Lo de las computadoras, ídem, conectadas por su modem, una llama la otra contesta... sería una conexión serial...
Lo que veo interezante de todo esto es que según parece, se pueden usar longitudes de cables bastantes largos, y si no pues piensen ¿a cuantos metros está la centralita se su casa/dto.?


----------



## julio florez

Cordial saludo.
Compadre me parece que el circuito esta interesantisimo, necesito saber si se puede hacer que timbre, y ademas la idea es hacer una central, concretamente tres telefonos que podrian comunicarse de manera independiente con un cuarto telefono.  Agradeceria inmensamente y me colaboren.


----------



## Marian0

Que tal amigos,
Tengo un proyecto en mente... Al menos yo lo puedo llamar proyecto porque no tengo conocimientos avanzados sobre electronica.
Este consiste en hacer una especie de intercomunicador usando un telefono inalambrico es decir, el auricular y la base.
La distancia de comunicacion serian aproximadamente 50 metros con algunas paredes de por medio.

Sean los dos puntos de comunicacion A y B.
* en A estaria la base del inalambrico conectada a una "Linea Telefonica" y a un telefono convencional(noinalambrico).
* en B estaria el auricular del telefono en el cual improvisaria alguna fuente de alimentacion.
*
PROBLEMAS:*
1) Como emulo una linea telefonica o canal para poder hablar.
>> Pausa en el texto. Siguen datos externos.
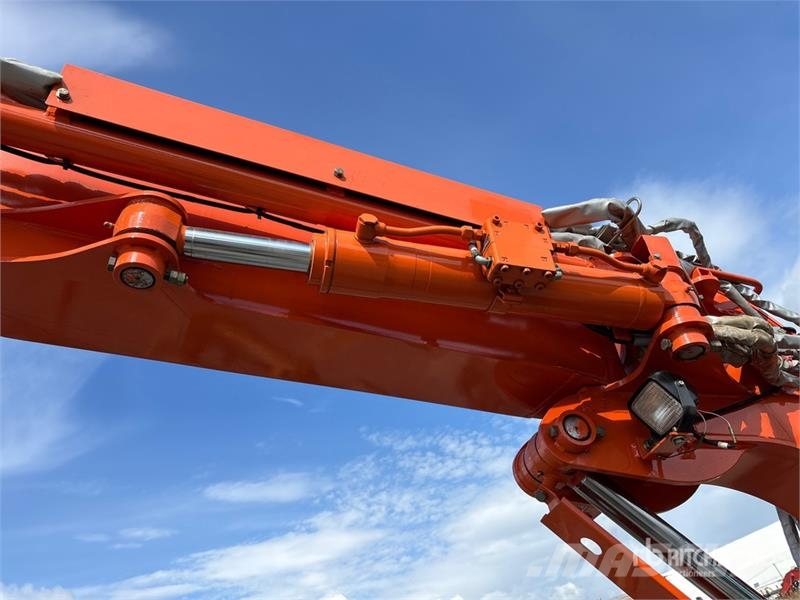 Hitachi ZX75UR-5B Tracked Excavator Lánctalpas kotrók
Porque No voy a usar la linea de mi casa, (se entiende cuando alguien esté hablando no quiero que me interfiera mi "intercomunicador")...
2) En caso de no llegar la señal del inalambrico... Podria usar alguna antena casera para incrementar la ganancia del aparato y asi cubrir una mayor distancia?


La frecuencia en que el equipo trabaja son *2.4GHZ.*

Si se les ocurre algo *mas facil* de realizar, bienvenido sea...

Desde ya muchas gracias


Marian0


PD: Se me ocurrio hacer esto porque en mi casa tengo varios telefonos convencionales (noinalambricos) e inalambricos... Entonces cuando hablo por los convencionales se puede usar el inalambrico y escuchar lo que se habla en cualquiera de los telefonos.


----------



## pepechip

Hola
Para simular la linea puedes utilizar una fuente de alimentacion de 24V y 50mA. Si tienes mas corriente no es problema.
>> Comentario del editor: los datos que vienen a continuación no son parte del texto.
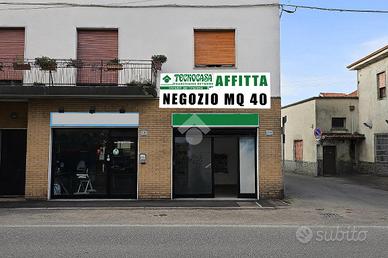 NEGOZIO A SENAGO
Deveras de intercalarle a la fuente un resistencia de 480 ohm y 2W.


----------



## eduardorudel

nesecito sugerencias de ustedes para el siguiente circuito.
la idea es que este cicuito funcione con dos telefonos en lugar de los pulsadores, hasta aca todo bien.el problema es que luego de la conversasion si el primer telefono se cuelga y el otro no el segundo vuelve a sonar.
la pregunta es ¿como solucionar este problema? desde ya muchas gracias,soy nuevo en esto.


----------



## codemaker22

Hola...

Aca te dejo una buena solución...suerte 

http://www.epanorama.net/documents/telecom/telephone_intercom.html


----------



## jhonnyd

solo conecta una bateria de 9 V en serie con los cables rojo y verde de cada telefono


----------



## saiwor

https://www.forosdeelectronica.com/posts/214035/


----------



## acobelo

Hola, les escribo porque aqui en el foro encontre un diagrama para un intercomunicador domestico utilizando 2 telefonos, mi pregunta es ¿como hago hago para conectar el telefono directamente al circuito? ya que el cable telefonico consta de varios cables internos entonces cual usaria, como seria la conexion?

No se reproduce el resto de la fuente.